The most prevalent type is the relational database management system (RDBMS). It became the norm for data management almost 40 years ago, after low-cost servers became powerful enough to make the technology widely practical and relatively affordable. Relational databases use the SQL programming language and are based on a data model that supports transactional consistency and reliability, making them a good fit for the traditional structured data that's common in business applications.
But some shortcomings with the relational model -- in particular, its rigidity and cost -- became more apparent in the early years of the web era and were brought to the fore by the emergence of big data technologies starting in 2005. Today, IT departments can consider several other DBMS product options as alternatives to the mainstream RDBMS, depending on the specific applications being run.
Types of DBMS technologies
There's a lot at stake in the DBMS evaluation and selection process. Choosing a DBMS technology can affect the success or failure of your IT systems and applications. Because the database landscape is complex and confusing to navigate, it's crucial that IT and data management teams fully understand the different types of DBMSes, along with when and why to use them. That applies both to on-premises DBMS platforms and the cloud databases that organizations are increasingly using.
To help with that, let's look more closely at the available options.
1. RDBMS
Until relatively recently, the RDBMS was the only product category worth considering for most applications. The big data trend, as well as the growth of technologies like IoT and real-time data streaming, have led to the development of new kinds of DBMSes that compete well with relational software for certain use cases. However, the RDBMS continues to be the undisputed market leader in terms of revenue and installed base.
Based on the mathematics of set theory and first developed for commercial release in the late 1970s, relational databases provide data management, access and protection with reasonable performance for most applications, whether operational or analytical in nature.
Since the mid-1990s, relational software has been the primary operational DBMS, led for most of that time by products from industry giants: Oracle Database, Microsoft SQL Server and IBM Db2, plus SAP HANA as a more recent addition. As more database workloads move to the cloud, AWS and Google Cloud have also become big factors in the RDBMS market, partly by offering cloud-based versions of MySQL, PostgreSQL and MariaDB -- three popular open source DBMSes.
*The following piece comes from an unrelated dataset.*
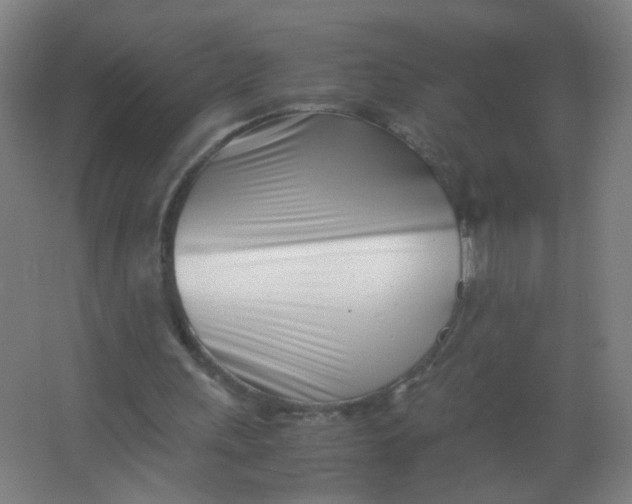 X0000063520243200602032117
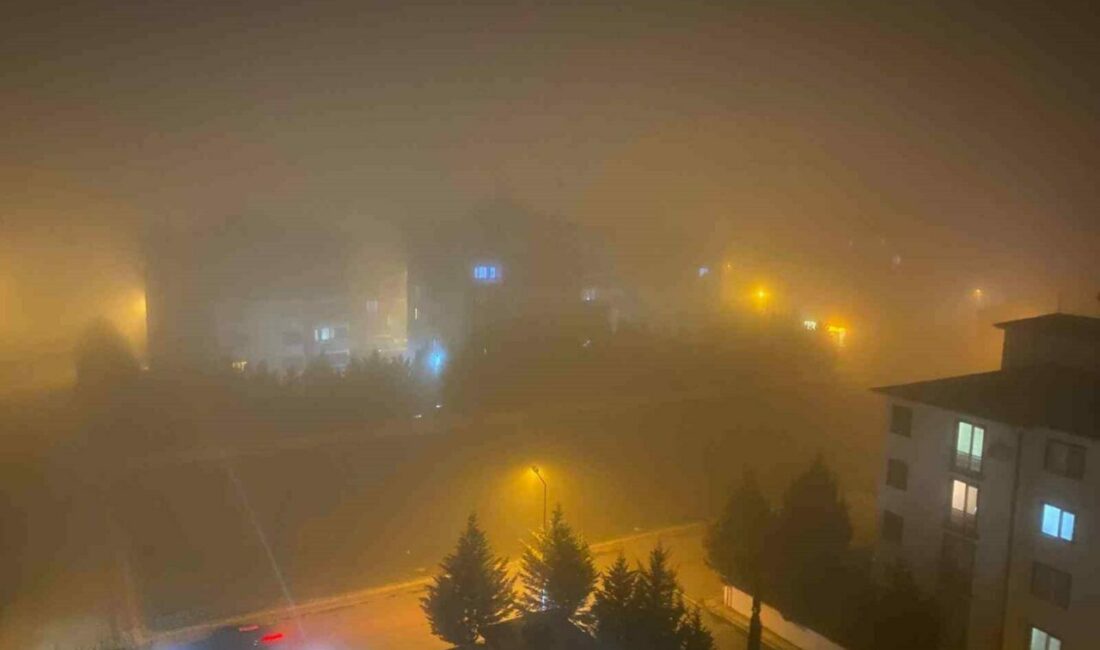 Yenişehir’de sis etkili oldu, görüş mesafesi 1 metreye kadar düştü Bursa’nın Yenişehir ilçesinde akşam saatlerinde etkili olan yoğun sisten dolayı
Relational systems also became the most widely used DBMS platforms for the data warehouses that organizations began to deploy in the 1990s to support BI and enterprise reporting applications. In the cloud, Oracle, Microsoft, IBM, SAP and traditional data warehousing vendors like Teradata have similarly been joined by RDBMS technologies such as Amazon Redshift from AWS, Google's BigQuery and Snowflake, although those products use columnar storage to optimize analytical query performance.
The RDBMS is adaptable, stable and reliable. Its maturity has been bolstered by all the years of use in both large and small organizations. Support for the ACID properties -- atomicity, consistency, isolation and durability -- is one of the most compelling features of relational databases. ACID compliance guarantees that all transactions are completed correctly or that a database is returned to its previous state if a transaction fails to go through -- a key capability to ensure that data is always consistent.
Given the comprehensive nature of the RDBMS, why have other types of database systems gained more popularity? Web-scale data processing, big data requirements and AI and machine learning applications challenge the capabilities of conventional relational databases. Although they can be used in these realms, alternatives that offer more flexible database schemas, less stringent consistency models and lower processing overhead can be advantageous in such dynamic environments. Also, the stability and reliability of RDBMS technologies comes at a cost: They aren't cheap.
2. NoSQL DBMS
NoSQL systems began to appear in the mid-2000s. At first meant to be taken literally, NoSQL came to more commonly stand for "not only SQL," as many NoSQL vendors adopted some aspects of the programming language. However, while the SQL-based RDBMS requires a rigidly defined schema, NoSQL databases give users more flexibility, supporting schemas in which all of the different entities don't need to contain the same data elements. For loosely defined or varied data structures that might also evolve over time, a NoSQL DBMS can be a more practical solution than an RDBMS.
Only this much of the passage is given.